By the time the programme ended I was already getting asked for information so here goes:
website is: http://www.freewebs.com/vanvon
phone: 01859 530 485
address: 1 Lickisto, Isle of Harris HS3 3EL

I was prepared to be impressed but found it even more impressive than I expected it to be - and love the idea of secluded campsite pitches coupled with good-quality facilities. They deserve to be successful and I'm sure they will be.

Tuesday 21 July 2009

Harvey and John on t'telly

From here...


To here...

Harvey and John, my friends who left Leeds to move to the Isle of Harris for a different kind of life are on television tomorrow (Wednesday) night - UK television programme Build a New Life in the Country on Channel 5 at 8 p.m., repeated on Thursday at 8 p.m. on Fiver. I've just watched the programme on http://demand.five.tv/Series.aspx?seriesBaseName=BuildANewLifeInTheCountry
and even without knowing Harvey and John I think I would have found it riveting to watch them working ro restore the buildings and prepare to open a campsite business on thirteen acres of land through sheer determination and on a tiny budget all done with their usual wit and good humour. For those of you not in the UK you can see the programme on the link above.

Wednesday 8 July 2009

the one that didn't make it...

The reason I've been so quiet recently is that I've been making a project for Festival of Quilts. Never one to shirk a challenge, I've been making an artists book with double-sided see-through pages (one of my neighbours said "Isn't that ... sort of ... difficult...?" which has to be the understatement of the year) using silk organza, silk tulle net and pelmet vilene all hand-dyed/hand-painted. It has been a lengthy process and a testing one and I am now looking forward to getting it finished so I can get on with something else (like normal life perhaps?).

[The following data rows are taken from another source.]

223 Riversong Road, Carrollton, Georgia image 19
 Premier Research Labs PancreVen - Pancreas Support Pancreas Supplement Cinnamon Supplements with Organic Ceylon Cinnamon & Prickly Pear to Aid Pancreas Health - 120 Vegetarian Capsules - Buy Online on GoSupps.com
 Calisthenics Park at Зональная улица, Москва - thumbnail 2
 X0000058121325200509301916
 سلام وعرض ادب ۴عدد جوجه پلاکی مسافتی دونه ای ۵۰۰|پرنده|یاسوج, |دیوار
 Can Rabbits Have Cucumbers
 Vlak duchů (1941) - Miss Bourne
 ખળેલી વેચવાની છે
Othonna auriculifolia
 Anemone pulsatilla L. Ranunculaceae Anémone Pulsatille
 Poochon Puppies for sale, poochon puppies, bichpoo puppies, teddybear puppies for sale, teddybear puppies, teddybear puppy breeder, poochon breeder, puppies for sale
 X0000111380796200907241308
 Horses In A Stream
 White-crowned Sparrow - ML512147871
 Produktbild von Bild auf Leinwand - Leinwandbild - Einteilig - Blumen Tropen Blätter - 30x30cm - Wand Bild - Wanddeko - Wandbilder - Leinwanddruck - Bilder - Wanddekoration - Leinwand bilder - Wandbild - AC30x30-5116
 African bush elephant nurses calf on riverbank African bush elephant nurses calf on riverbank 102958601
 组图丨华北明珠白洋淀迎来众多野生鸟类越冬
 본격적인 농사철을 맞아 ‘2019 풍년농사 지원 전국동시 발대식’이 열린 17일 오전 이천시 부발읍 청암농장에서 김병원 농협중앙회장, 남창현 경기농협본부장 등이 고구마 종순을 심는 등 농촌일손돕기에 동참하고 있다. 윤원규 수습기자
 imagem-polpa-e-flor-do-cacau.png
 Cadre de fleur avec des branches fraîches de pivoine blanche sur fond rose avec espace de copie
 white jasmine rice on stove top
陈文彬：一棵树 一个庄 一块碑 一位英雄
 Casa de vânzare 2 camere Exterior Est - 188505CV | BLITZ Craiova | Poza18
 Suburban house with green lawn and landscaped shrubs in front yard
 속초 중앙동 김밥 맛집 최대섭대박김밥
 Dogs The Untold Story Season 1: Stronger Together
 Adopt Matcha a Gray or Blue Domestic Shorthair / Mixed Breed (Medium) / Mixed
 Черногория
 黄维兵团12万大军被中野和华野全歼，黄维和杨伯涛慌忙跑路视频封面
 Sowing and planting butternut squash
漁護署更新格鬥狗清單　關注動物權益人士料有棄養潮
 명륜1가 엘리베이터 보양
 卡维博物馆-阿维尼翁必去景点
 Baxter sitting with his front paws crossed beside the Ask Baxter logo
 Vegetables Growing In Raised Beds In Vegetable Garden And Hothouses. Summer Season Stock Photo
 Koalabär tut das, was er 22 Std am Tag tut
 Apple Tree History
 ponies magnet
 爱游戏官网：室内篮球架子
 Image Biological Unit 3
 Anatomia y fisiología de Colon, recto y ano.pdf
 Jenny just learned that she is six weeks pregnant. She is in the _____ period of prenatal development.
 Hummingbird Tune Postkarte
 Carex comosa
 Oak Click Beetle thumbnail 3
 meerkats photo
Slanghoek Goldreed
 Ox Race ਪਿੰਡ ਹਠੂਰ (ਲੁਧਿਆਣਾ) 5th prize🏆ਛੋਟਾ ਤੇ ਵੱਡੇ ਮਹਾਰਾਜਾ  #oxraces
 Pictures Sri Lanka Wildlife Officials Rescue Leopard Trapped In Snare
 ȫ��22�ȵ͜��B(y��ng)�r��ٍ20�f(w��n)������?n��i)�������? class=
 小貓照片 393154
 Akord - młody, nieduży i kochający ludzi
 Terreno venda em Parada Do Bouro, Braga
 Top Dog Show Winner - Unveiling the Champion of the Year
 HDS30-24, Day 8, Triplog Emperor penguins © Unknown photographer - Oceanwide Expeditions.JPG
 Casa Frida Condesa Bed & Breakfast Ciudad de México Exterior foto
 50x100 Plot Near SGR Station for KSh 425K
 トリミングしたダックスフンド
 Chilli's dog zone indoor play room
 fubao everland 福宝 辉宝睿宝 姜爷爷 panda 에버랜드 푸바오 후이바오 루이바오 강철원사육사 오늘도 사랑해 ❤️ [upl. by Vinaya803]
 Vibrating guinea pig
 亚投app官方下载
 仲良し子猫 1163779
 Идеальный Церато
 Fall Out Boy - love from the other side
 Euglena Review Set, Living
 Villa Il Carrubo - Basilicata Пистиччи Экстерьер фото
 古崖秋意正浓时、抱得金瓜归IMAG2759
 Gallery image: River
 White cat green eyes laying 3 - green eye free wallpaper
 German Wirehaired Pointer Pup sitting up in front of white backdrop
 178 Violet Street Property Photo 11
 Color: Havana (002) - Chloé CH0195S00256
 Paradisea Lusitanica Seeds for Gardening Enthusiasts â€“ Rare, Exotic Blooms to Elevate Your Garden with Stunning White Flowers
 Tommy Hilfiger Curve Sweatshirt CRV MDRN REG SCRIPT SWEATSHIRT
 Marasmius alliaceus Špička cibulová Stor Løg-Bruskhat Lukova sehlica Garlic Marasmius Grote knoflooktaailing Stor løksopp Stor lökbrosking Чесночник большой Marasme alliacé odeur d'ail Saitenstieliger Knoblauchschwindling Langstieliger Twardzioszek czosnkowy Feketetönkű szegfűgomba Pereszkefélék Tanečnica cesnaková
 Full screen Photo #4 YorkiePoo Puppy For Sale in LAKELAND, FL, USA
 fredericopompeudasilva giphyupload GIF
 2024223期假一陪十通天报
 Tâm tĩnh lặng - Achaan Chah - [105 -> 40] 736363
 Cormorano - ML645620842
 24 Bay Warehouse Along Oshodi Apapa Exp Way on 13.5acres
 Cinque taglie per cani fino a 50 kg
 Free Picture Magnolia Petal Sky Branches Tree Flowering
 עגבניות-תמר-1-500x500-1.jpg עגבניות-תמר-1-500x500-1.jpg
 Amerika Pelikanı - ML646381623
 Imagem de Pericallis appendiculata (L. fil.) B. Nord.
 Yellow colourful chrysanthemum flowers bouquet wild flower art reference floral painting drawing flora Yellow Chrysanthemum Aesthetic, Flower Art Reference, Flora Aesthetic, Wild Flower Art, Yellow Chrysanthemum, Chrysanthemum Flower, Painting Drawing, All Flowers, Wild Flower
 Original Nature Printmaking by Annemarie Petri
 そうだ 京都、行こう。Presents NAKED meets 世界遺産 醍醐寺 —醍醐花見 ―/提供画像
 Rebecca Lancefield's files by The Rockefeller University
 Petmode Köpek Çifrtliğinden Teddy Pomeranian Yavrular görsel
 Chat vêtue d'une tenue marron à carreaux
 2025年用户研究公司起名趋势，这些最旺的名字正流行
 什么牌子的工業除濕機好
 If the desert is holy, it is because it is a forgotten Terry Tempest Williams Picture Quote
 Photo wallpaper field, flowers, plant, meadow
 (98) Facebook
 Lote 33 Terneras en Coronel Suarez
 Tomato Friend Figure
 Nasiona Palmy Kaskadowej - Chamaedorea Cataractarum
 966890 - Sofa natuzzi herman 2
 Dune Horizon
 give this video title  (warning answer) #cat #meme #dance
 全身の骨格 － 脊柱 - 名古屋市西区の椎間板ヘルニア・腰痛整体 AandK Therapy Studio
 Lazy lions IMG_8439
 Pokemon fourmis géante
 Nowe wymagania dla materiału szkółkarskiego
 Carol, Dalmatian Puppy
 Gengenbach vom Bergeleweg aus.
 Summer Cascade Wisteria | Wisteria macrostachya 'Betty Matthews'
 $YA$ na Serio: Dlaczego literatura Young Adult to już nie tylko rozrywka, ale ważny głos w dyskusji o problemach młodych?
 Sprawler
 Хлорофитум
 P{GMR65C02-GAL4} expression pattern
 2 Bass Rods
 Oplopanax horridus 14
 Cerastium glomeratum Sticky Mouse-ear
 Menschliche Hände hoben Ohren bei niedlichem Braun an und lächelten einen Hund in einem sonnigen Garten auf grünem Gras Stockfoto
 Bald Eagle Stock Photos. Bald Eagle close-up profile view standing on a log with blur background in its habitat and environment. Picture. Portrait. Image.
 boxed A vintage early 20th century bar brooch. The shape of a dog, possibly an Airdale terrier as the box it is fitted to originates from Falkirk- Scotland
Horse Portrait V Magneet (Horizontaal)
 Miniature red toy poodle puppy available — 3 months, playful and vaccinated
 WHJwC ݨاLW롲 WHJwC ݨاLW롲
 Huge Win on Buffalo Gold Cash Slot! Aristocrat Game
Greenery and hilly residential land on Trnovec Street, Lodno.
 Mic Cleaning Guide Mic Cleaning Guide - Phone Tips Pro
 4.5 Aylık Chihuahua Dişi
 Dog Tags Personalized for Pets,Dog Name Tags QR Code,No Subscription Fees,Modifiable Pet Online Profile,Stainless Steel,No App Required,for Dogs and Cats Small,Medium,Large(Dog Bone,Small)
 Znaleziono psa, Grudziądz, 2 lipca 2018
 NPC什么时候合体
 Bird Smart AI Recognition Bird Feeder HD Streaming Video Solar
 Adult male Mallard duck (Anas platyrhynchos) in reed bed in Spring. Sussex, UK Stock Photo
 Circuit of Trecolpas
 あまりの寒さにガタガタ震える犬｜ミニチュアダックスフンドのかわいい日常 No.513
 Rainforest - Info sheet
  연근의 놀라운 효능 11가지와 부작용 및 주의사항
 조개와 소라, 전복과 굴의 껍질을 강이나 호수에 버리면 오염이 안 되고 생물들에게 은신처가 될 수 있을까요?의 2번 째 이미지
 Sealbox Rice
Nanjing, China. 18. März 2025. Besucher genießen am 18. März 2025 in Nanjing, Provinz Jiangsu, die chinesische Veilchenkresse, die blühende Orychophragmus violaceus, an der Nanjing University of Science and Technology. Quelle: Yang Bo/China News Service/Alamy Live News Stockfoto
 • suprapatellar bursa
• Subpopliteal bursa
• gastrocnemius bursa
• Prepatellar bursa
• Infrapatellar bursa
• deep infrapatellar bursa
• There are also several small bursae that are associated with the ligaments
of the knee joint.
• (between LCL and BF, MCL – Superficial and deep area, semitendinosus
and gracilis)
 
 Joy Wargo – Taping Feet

During the process there have been some cast-offs and casualties. The moth above is definitely not a cast-off (apologies for the inadequacies of the photograph though), merely the other side of something that really did not work, namely a dragonfly that looked as if it might sink if it ever managed to launch itself. The metallic thread seemed like a good idea at the time; by the time I finally admitted it wasn't the two halves of the page had been sewn together, and ditching the dragonfly meant I had to - very reluctantly - give up on the moth as well.